[[ Data supplied open ]]

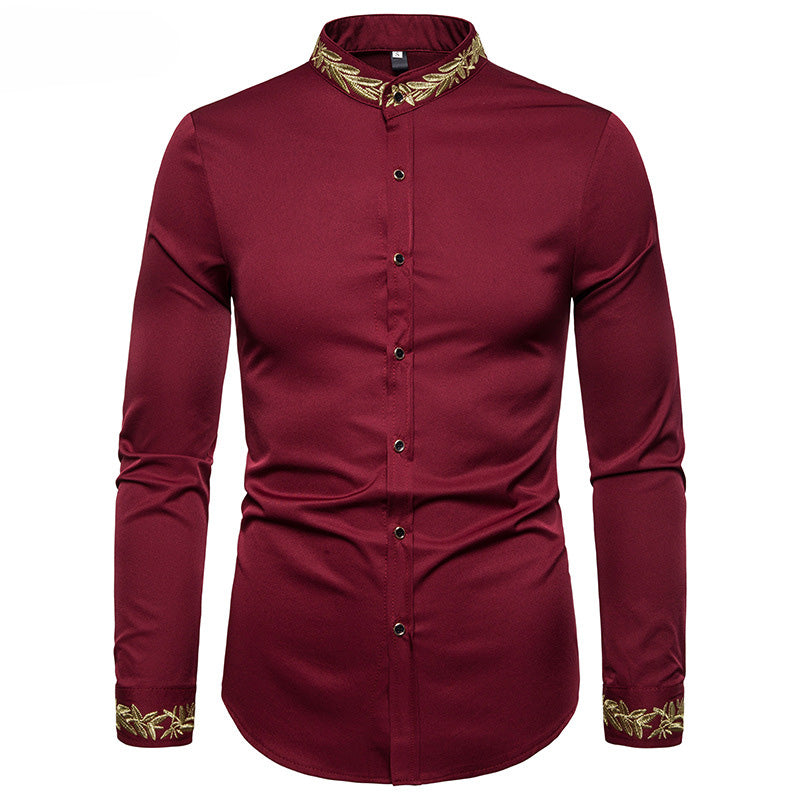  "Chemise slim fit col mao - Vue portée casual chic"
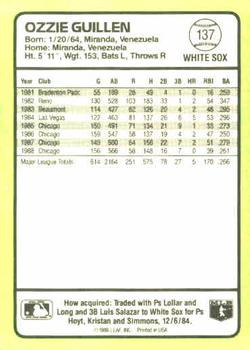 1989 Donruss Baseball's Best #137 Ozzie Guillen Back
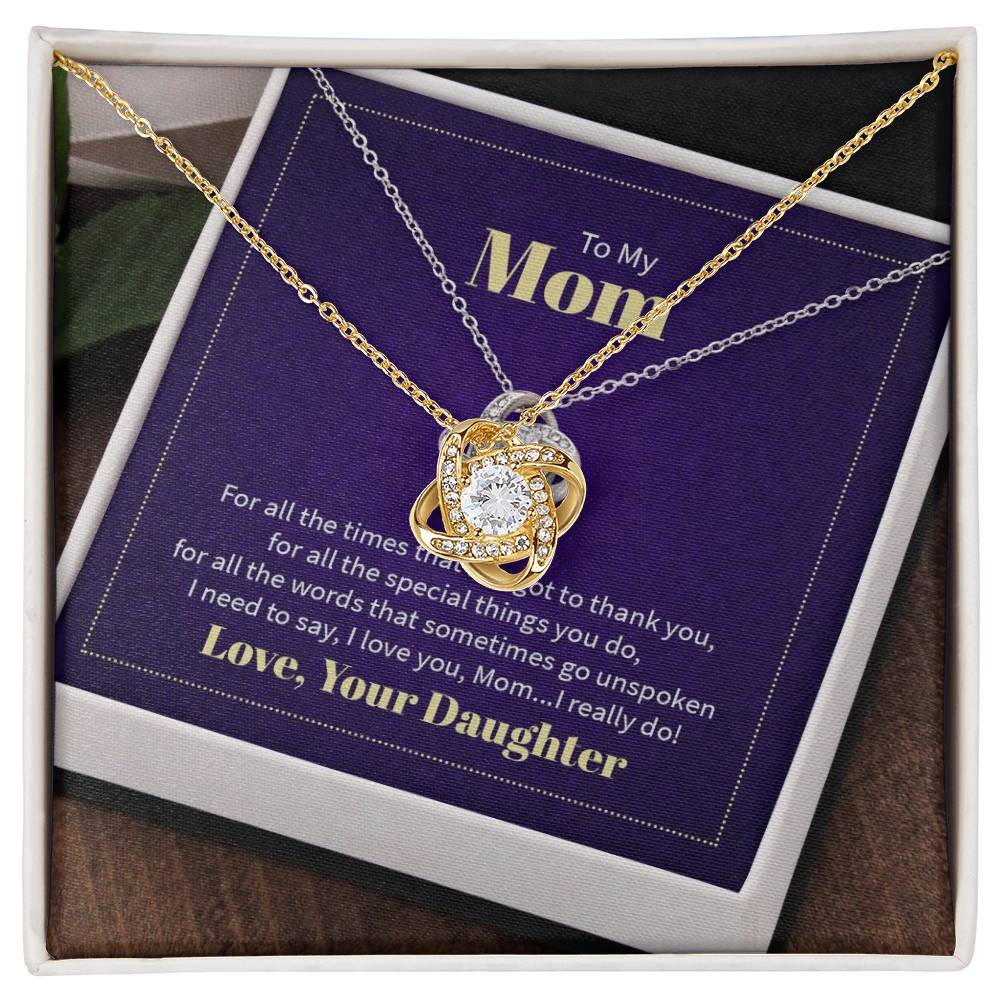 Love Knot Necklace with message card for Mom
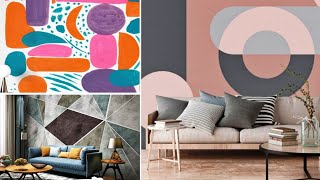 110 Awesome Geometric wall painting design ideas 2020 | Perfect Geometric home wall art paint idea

[[ Data supplied closed ]]
[[ Data supplied open ]]

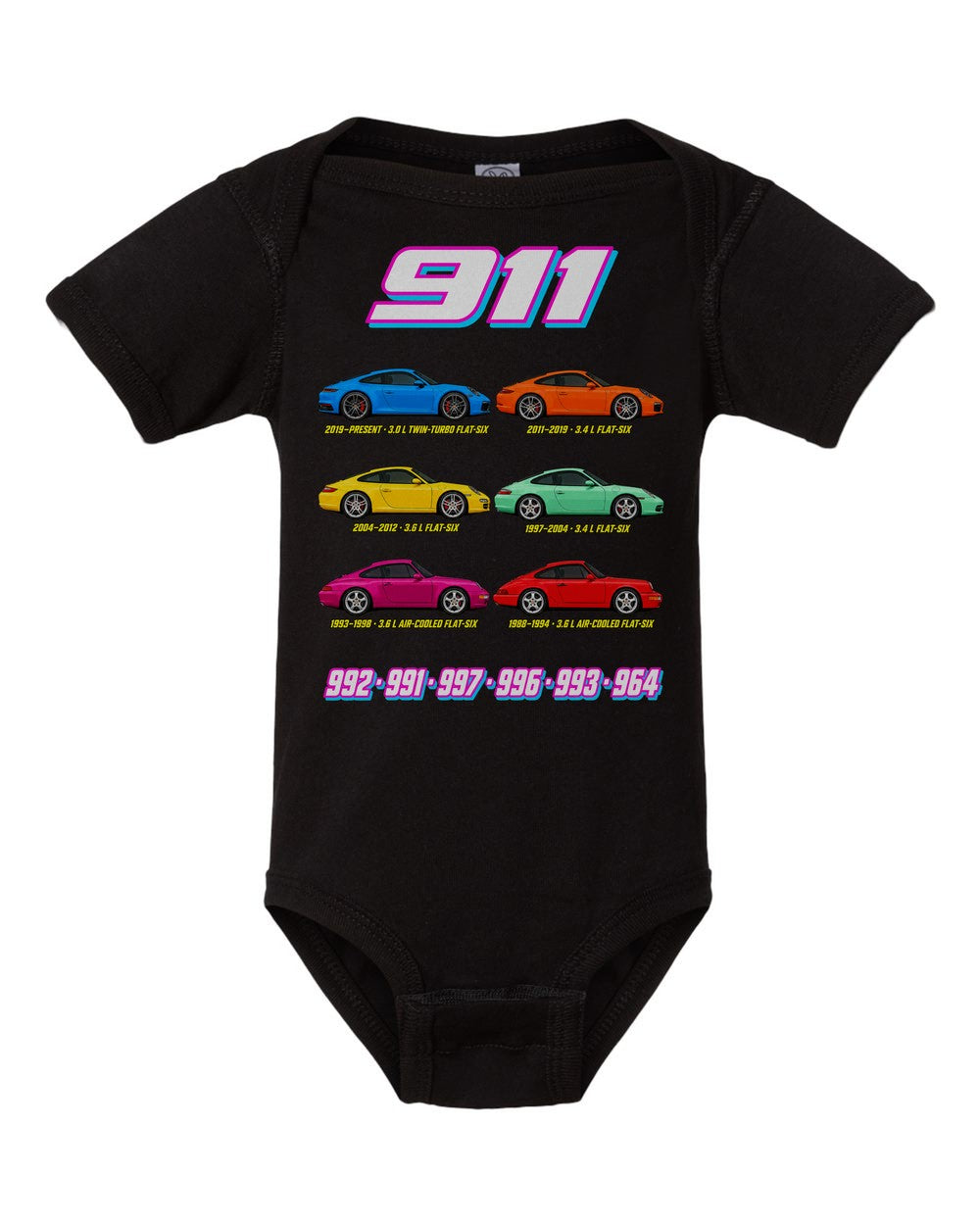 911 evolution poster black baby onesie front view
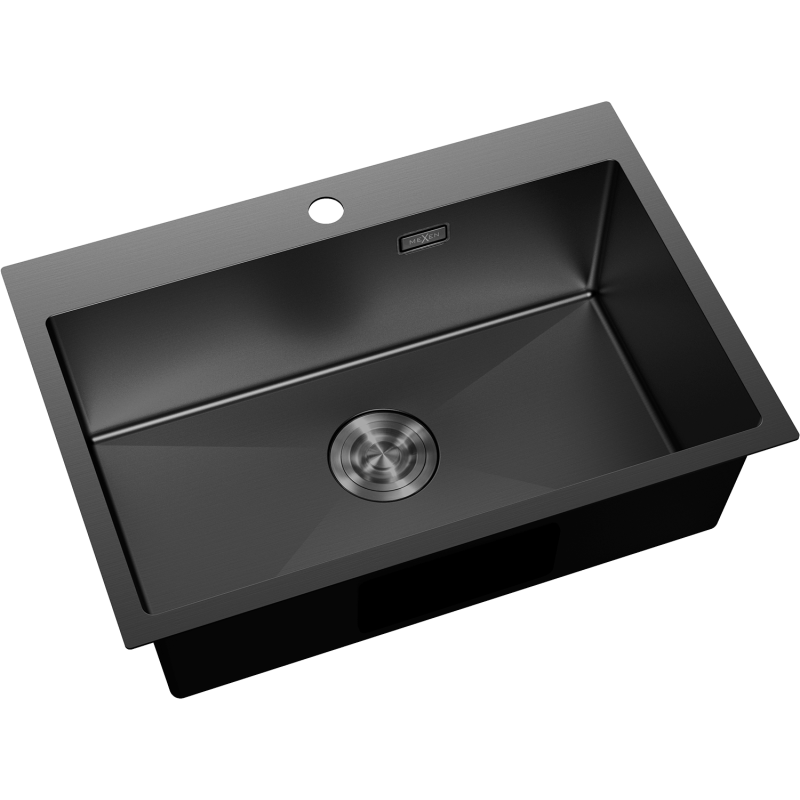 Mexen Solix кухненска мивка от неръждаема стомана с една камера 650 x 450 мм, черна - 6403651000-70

[[ Data supplied closed ]]
[[ Data supplied open ]]

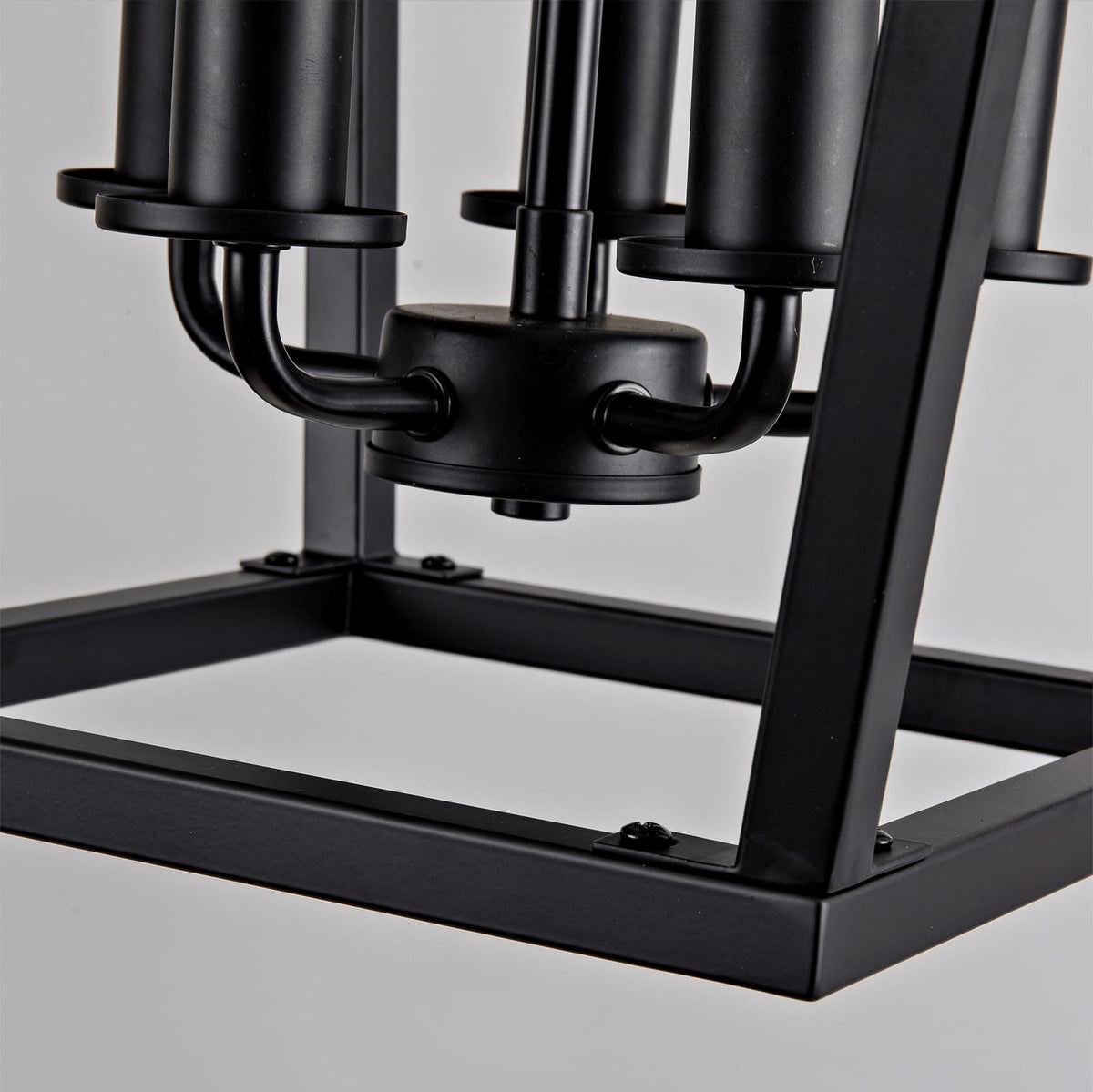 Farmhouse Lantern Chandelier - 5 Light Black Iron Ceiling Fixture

[[ Data supplied closed ]]

Description of the task
Only the lines starting at the one that includes "911 evolution poster" and ending at the one that includes "Mexen Solix кухненска" should be retyped, exactly, from the records above; no pictures.

Answer box
 911 evolution poster black baby onesie front view
 Mexen Solix кухненска мивка от неръждаема стомана с една камера 650 x 450 мм, черна - 6403651000-70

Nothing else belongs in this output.